- **To do**
Below is a listing; retype exactly the lines between the one containing "Photo of property" and the one containing "NS 213 at Adams", inclusive, minus the pictures.

- **Input material**
((
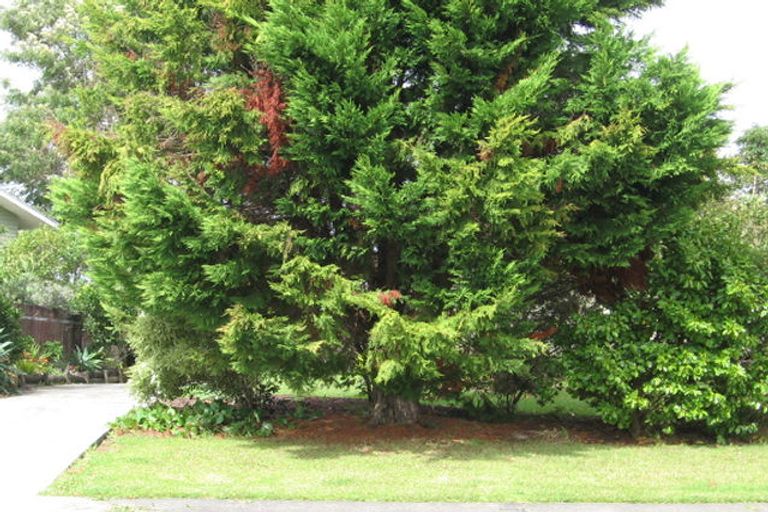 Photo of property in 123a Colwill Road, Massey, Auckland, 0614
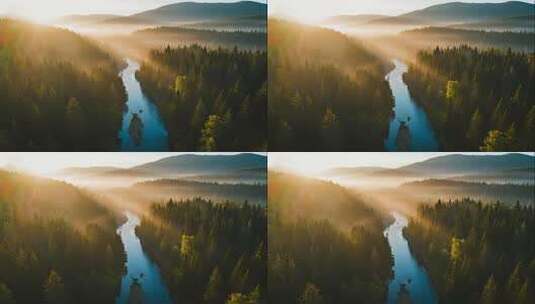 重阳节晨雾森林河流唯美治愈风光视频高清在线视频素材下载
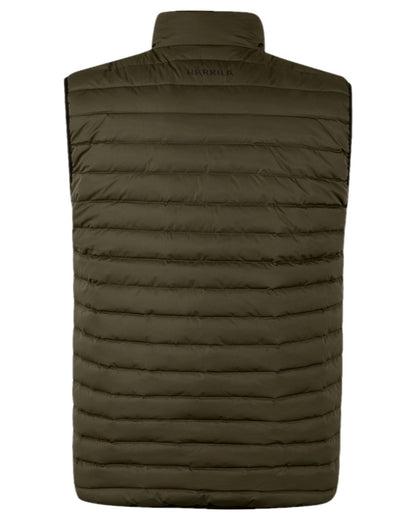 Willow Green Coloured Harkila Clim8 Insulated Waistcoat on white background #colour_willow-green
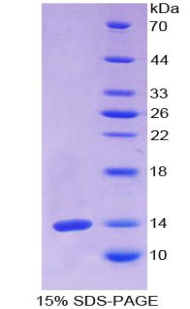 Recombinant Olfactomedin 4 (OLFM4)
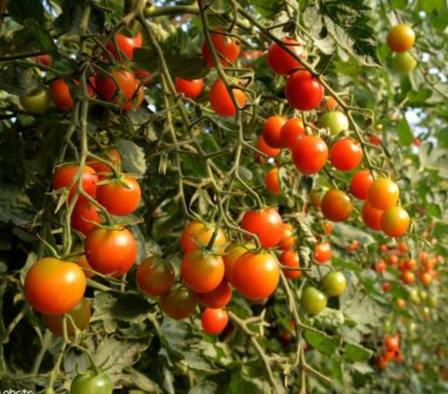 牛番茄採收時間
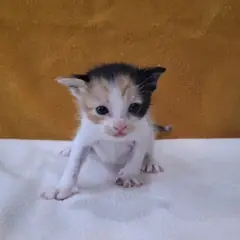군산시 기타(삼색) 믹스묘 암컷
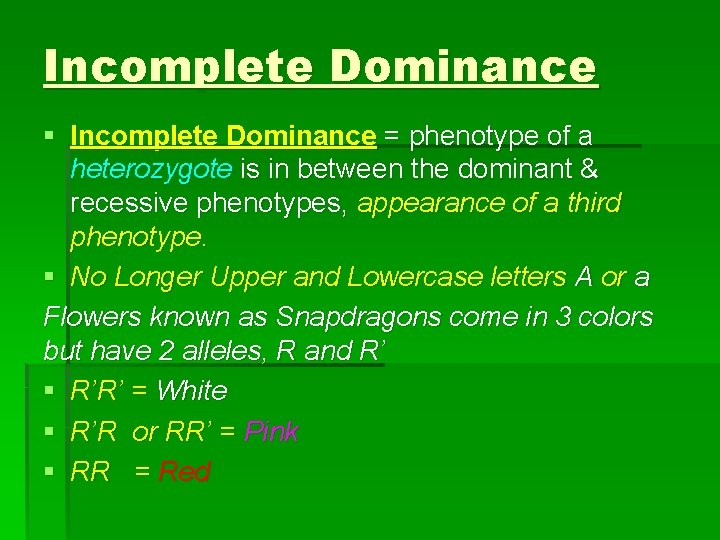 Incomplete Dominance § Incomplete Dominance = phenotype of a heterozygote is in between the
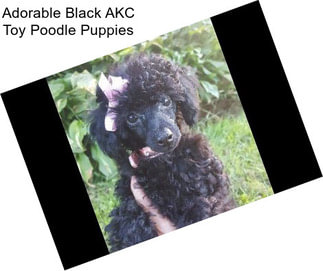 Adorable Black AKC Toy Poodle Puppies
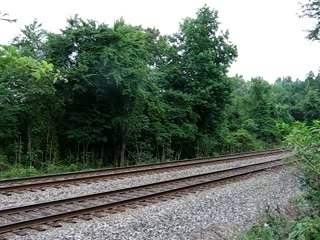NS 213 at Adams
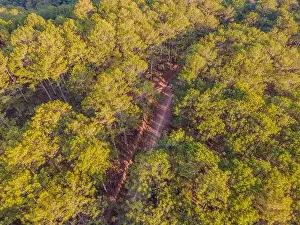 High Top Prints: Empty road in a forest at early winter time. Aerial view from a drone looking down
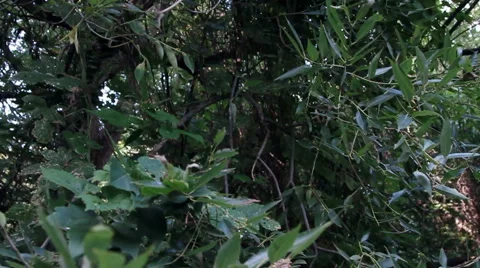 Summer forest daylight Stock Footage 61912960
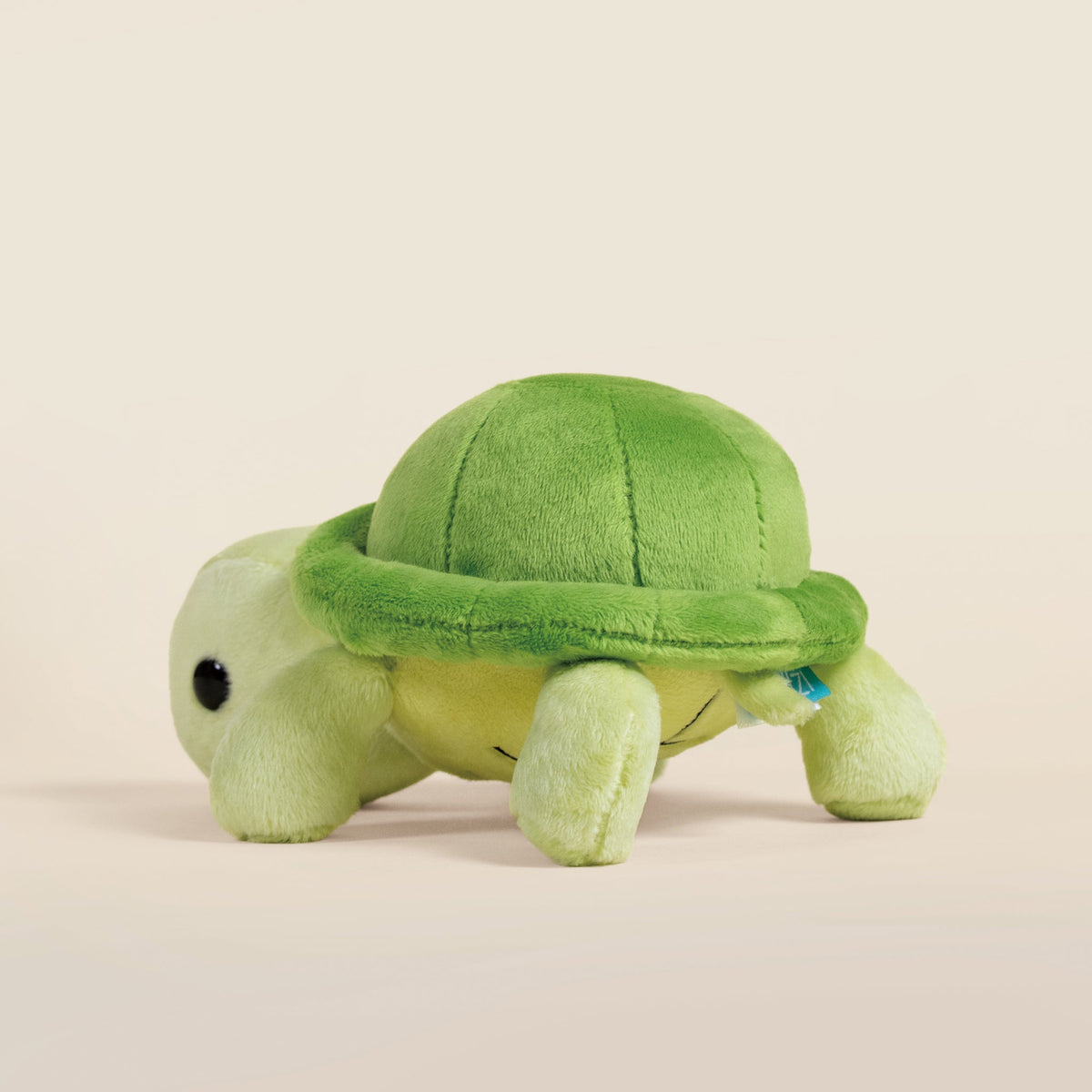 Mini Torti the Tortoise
))
((
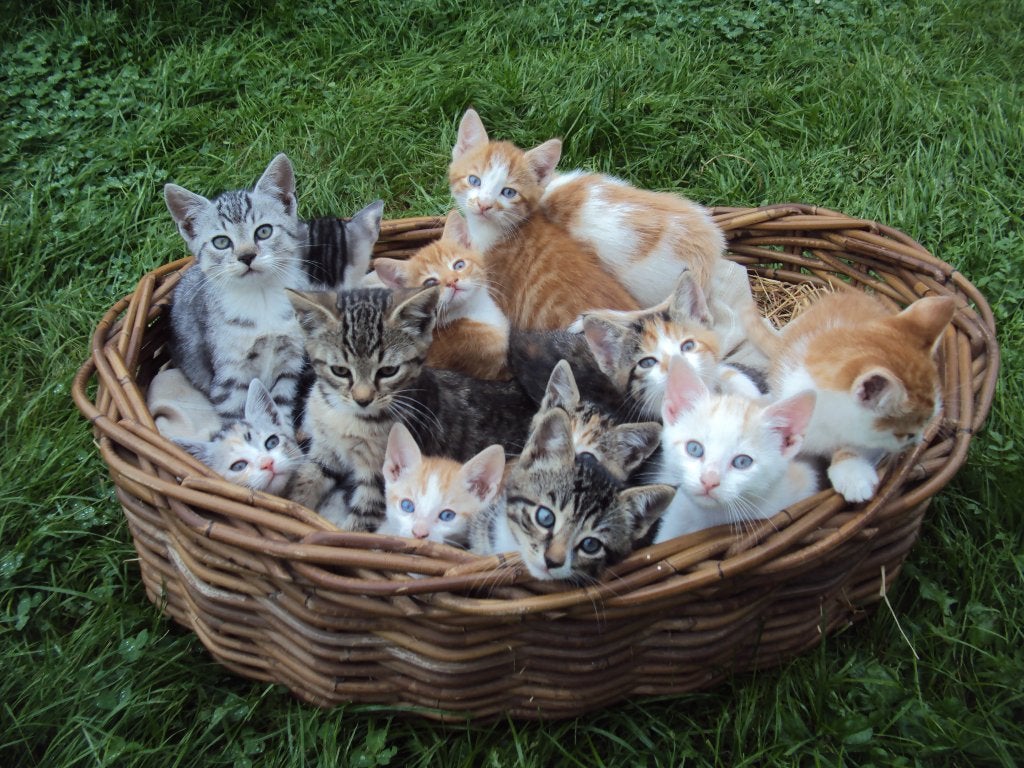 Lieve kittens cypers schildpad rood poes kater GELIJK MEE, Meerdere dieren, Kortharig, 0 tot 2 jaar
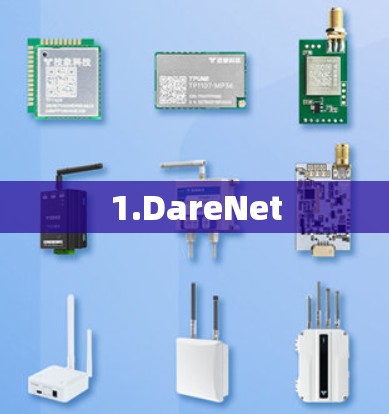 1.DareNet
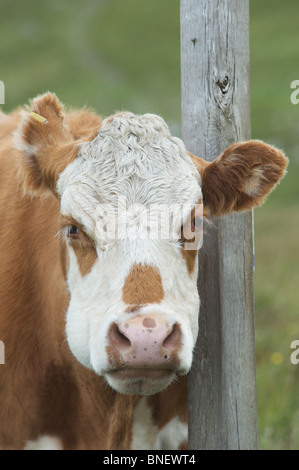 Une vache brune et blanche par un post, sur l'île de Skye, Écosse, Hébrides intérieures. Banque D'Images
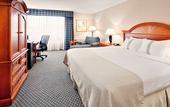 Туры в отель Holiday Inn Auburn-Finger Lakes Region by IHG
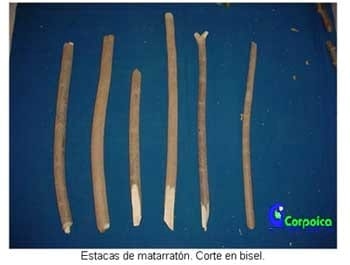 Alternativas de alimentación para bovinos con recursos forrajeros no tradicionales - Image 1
))
- **Written reply**
 Photo of property in 123a Colwill Road, Massey, Auckland, 0614
 重阳节晨雾森林河流唯美治愈风光视频高清在线视频素材下载
 Willow Green Coloured Harkila Clim8 Insulated Waistcoat on white background #colour_willow-green
 Recombinant Olfactomedin 4 (OLFM4)
 牛番茄採收時間
군산시 기타(삼색) 믹스묘 암컷
 Incomplete Dominance § Incomplete Dominance = phenotype of a heterozygote is in between the
 Adorable Black AKC Toy Poodle Puppies
NS 213 at Adams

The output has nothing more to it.